June 12, 2013
Sales of combat aircraft in the Middle East and Asia will more than compensate for cutbacks in U.S. and European spending, Britain’s BAE Systems predicted on Tuesday.
Europe’s largest defence contractor forecast international markets outside its U.S. and European heartlands would rise to account for around half of turnover at its military air and information unit by 2016, up from around 25 percent currently.
“This is a prudent view,” Peter Anstiss, business development director of the unit said at a briefing on Tuesday in Warton, in north west England.
“Very clearly, the international market could more than compensate for the reductions in the U.S. and UK market.”
BAE’s aircraft include the four nation-backed Eurofighter Typhoon, which it is developing in a consortium with European aerospace group EADS and Italy’s Finmeccanica .
Saudi Arabia and Oman have so far signed up to buy Typhoon jets and the plane is also vying to win deals in countries such as Malaysia, South Korea and the United Arab Emirates.
South Korea is likely to be the next nation to decide which aircraft it will choose when it places an order for 36 jets, Anstiss said.
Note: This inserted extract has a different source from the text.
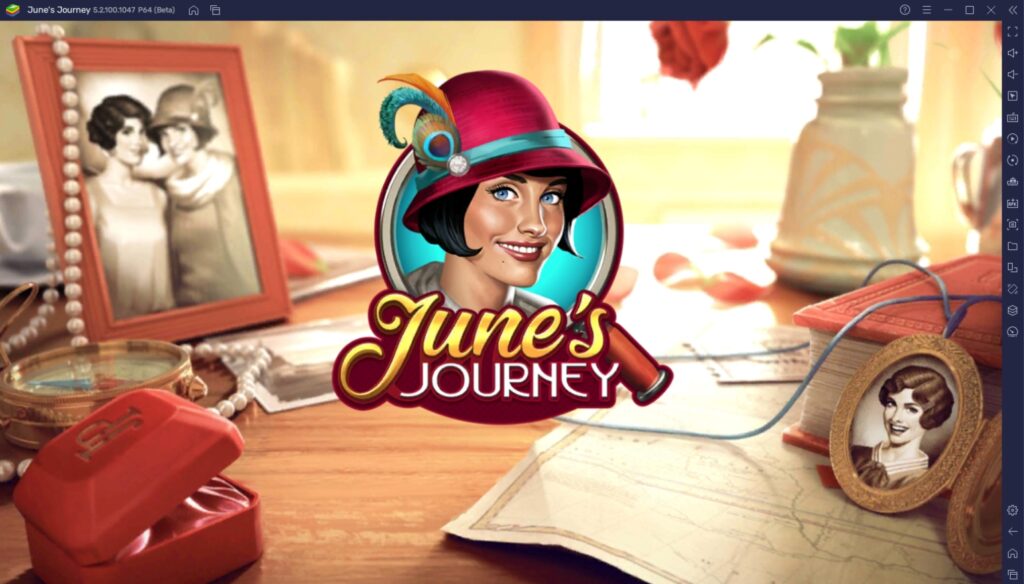 How to Play June's Journey - Hidden Object on PC with BlueStacks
The Typhoon is competing against Boeing’s F-15 and Lockheed Martin’s F-35 fighter jet.
Countries in the Gulf region have the potential to purchase 150 more Typhoon jets, Anstiss said, adding that this figure excluded Saudi Arabia’s order for 72 Typhoon jets and Oman’s 12 Typhoon aircraft.
In India, where the company lost a competition to supply the country with 126 fighters to Dassault Aviation’s Rafale aircraft, BAE is waiting on the sidelines to jump back in should the talks fall through, he said.